Ha! I thought that the tam's two words would be the most slam-dunk
proof that we are not makpid on not quoting partial pesuqim in the
context of the Haggada, but apparently tafasti merube lo tafasti. But
there are other examples, including right there in "RYHG omer" -- the
"etzba`" proof-text is only half a pasuk!
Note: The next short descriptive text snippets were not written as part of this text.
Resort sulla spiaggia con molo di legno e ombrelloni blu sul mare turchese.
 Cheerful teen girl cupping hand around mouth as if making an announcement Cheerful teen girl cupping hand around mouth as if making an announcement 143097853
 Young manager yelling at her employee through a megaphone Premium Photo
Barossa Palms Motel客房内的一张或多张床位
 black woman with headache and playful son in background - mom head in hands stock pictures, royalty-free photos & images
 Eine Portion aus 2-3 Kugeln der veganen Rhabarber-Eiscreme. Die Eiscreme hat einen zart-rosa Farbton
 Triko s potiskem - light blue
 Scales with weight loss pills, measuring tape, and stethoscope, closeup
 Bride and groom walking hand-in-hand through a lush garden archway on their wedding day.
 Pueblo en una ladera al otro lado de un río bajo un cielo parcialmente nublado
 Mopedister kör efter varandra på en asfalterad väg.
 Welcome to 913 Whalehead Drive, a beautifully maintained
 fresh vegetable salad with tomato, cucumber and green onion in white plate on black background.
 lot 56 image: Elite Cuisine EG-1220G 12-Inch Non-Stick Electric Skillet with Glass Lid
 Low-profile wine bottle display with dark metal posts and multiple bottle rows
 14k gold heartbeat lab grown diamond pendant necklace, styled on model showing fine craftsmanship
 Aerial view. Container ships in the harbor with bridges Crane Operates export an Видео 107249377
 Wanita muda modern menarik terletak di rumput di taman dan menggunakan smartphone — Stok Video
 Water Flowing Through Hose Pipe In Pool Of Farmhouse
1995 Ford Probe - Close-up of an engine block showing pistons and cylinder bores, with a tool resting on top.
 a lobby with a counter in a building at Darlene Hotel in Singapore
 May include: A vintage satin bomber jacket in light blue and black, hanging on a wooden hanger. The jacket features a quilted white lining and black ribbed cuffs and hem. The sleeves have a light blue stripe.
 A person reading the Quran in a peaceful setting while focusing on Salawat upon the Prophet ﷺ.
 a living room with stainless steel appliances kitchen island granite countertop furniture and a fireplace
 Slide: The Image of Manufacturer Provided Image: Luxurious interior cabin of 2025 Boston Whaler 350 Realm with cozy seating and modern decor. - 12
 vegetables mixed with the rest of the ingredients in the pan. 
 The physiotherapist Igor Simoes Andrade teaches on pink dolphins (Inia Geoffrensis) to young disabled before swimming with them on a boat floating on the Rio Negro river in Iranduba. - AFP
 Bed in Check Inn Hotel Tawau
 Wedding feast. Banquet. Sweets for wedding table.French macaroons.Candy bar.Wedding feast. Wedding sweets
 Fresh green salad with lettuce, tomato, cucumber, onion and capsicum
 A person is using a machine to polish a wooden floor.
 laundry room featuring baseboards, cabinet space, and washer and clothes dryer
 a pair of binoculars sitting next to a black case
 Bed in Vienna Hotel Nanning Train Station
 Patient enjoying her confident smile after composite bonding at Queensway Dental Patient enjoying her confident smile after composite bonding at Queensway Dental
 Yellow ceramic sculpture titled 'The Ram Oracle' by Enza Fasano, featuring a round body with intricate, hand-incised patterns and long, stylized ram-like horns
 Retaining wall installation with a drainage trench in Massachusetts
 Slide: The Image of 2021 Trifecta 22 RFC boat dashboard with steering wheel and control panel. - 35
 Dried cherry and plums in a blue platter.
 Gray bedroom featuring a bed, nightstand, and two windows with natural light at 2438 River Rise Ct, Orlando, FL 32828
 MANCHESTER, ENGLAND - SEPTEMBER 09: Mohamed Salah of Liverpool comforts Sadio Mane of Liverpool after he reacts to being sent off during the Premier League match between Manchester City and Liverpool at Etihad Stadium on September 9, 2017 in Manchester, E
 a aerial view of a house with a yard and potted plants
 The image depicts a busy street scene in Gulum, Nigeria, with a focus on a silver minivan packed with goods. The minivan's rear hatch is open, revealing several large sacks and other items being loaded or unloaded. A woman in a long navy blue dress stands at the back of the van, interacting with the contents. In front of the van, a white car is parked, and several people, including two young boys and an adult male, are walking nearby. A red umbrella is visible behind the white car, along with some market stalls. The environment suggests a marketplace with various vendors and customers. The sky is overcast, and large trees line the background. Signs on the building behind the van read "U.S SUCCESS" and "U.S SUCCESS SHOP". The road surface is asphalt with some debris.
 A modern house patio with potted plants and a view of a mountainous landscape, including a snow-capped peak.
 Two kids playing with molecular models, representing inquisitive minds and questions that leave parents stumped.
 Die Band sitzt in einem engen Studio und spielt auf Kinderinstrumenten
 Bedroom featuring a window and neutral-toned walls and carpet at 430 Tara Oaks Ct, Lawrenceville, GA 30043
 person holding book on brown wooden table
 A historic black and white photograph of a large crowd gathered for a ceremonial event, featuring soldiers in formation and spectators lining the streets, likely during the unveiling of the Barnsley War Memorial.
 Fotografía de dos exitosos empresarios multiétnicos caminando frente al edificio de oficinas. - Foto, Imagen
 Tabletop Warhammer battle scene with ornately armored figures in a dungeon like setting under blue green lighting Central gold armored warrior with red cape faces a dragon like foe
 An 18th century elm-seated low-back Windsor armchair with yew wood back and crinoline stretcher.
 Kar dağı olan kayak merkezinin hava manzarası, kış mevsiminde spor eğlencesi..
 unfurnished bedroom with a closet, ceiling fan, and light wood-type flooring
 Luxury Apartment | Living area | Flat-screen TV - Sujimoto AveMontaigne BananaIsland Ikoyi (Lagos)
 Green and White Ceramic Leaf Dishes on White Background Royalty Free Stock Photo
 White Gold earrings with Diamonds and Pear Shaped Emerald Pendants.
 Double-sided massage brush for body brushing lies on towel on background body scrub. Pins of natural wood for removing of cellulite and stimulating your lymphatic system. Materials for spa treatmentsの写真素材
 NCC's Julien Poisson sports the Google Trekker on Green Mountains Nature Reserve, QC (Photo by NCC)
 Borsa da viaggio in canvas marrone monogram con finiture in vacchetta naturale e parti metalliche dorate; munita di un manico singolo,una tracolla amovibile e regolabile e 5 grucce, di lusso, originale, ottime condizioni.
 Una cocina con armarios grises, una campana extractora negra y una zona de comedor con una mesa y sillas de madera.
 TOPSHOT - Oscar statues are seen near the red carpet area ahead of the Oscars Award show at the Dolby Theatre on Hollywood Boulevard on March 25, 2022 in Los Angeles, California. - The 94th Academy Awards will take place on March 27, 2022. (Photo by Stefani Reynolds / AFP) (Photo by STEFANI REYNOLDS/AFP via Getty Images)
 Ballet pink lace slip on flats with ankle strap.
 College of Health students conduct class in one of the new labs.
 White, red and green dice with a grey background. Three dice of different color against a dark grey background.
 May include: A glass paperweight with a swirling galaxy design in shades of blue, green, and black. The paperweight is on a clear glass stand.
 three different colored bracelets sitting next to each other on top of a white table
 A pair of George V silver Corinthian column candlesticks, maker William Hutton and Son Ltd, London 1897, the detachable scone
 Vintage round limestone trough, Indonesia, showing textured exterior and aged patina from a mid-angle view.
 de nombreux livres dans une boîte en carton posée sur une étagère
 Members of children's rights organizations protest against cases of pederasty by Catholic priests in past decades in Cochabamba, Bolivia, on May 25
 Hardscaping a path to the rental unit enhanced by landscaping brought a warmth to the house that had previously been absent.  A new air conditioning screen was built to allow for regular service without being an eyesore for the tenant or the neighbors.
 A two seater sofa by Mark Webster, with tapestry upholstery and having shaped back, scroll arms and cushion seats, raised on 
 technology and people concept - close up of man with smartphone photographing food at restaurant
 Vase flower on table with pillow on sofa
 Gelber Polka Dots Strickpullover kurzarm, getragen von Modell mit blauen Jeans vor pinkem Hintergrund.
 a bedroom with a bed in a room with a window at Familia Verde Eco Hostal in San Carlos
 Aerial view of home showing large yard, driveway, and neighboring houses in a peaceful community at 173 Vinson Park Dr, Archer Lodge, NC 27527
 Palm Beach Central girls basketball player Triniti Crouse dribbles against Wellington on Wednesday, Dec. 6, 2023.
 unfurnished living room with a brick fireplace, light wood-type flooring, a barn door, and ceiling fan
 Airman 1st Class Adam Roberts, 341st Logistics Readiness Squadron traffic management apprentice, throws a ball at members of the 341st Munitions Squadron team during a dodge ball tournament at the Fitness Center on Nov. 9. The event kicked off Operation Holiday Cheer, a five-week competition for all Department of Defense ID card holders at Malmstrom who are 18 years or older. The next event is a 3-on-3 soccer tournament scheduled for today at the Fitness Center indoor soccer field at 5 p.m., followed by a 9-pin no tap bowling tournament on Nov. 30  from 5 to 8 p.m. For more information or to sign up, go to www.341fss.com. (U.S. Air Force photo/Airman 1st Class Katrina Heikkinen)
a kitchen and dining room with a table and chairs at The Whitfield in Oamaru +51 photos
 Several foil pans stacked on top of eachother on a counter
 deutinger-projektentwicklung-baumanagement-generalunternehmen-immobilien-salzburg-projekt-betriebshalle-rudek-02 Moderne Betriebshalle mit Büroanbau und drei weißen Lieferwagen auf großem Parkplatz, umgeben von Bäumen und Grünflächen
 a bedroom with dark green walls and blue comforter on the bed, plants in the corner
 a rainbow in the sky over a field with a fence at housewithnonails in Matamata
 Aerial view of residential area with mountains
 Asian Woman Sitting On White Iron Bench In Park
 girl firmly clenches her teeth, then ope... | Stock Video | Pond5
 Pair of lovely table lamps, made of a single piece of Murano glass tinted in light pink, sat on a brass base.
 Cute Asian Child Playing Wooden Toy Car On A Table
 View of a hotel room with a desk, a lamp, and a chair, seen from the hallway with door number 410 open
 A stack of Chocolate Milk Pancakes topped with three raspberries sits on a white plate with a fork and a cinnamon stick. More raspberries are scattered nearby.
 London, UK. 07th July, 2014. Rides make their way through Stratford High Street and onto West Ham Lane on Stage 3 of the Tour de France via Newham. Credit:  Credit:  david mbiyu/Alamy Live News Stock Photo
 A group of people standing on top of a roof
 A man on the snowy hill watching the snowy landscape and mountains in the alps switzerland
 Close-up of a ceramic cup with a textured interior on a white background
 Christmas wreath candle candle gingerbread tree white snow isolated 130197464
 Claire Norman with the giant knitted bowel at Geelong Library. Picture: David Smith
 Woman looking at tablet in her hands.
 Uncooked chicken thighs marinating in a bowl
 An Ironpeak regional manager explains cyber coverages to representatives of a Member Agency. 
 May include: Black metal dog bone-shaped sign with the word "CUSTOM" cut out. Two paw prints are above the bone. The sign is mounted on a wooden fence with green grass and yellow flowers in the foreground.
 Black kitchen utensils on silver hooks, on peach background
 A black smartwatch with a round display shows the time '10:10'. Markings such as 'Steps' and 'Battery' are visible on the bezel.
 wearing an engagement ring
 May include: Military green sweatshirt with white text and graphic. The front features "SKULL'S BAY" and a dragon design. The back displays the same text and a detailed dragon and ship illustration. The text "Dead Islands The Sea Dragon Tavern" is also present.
Same goes for Hillel's "Al matzot umerurim yochluhu", the hacham's "ma
ha`edot...", the rasha's "ma ha`avoda hazot lachem" and the answer
"ba`avur ze...", Ben Zoma's "lema`an tizkor..." (and that one starts
after zakef katon, not even atnah)
And looking again at the tam, I realize that the quotation is in fact
not two words: the whole sentence from "ma zot" to "mibeit avadim" is
a verbatim quote of part of a pasuk.
> The question we discussed WRT Fri night Qiddush is why most people do not
> follow this rule. Saying "yom hashisi" would be okay -- 2 words isn't
> a quote. Starting with "Vayar' Elokim es kol asher asah" would be the
> whole pasuq. But whispering "Vayhi erev..." is starting mid-pasuq!
Claiming that "yom hashishi" is 2 words and therefore not a quote is
LAD dohek gadol when we're continuing with the next pasuk. I prefer
RRW's answer (especially since it also works for "al ken..." at
Shabbat morning qiddush)
>
> RRW argued, bringing other examples, that perhaps an esnachta is
> sufficient phrase separation from this rule. And "Vayhi erev" is starting
> Qiddush from the word after an esnachta.